A jury deliberated only two hours Tuesday before finding that the Denver & Rio Grande Western Railroad Co. was not at fault in the April 14, 1983, Thistle landslide.
The verdict means that the plaintiffs, 15 Thistle landowners who filed a $1 million lawsuit contending railroad negligence led to the landslide, will get no money out of their suit.After closing arguments from both sides Tuesday, District Judge Cullen Y. Christensen instructed jurors and sequestered them in the jury room.
Plaintiffs' attorney Allen Young said jurors should consider four important questions: whether a slope cut into the landslide material by the railroad led to the disastrous landslide and flood; whether the cut slope presented a risk or potential hazard; whether the railroad should have recognized possible hazards; and whether the railroad was negligent in handling possible hazards.

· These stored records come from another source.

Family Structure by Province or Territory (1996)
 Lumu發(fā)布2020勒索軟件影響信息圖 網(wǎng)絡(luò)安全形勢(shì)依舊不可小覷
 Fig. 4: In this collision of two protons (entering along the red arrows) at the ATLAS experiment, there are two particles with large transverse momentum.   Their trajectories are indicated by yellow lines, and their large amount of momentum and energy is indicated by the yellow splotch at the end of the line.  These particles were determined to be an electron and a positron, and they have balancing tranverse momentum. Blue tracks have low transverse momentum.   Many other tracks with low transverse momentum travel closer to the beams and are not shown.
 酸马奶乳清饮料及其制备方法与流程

"Was the cut slope - 50 feet wide and 50 feet long - which could fill the BYU football stadium - a cause of the Thistle landslide?" Young asked. "The experts we've presented have confirmed that it could have, I believe."
Railroad employees and experts warned officials that the material was heading for landslide potential, but the warnings went unheeded, said Young.
Defense attorney Michael Richman countered that experts James Slosson and Norbert Morganstern testified last week that the landslide originated from the top of the material, not from the cut slope, and that material sliding under the hill caused the disastrous flooding.
"The plaintiffs must prove, with a preponderance of evidence, that the cut slope was not just a cause, but a cause in fact," Richman said. "By that I mean that without the cut slope, the landslide could not have occurred. We've never claimed that the cut slope didn't affect the stability of the hill."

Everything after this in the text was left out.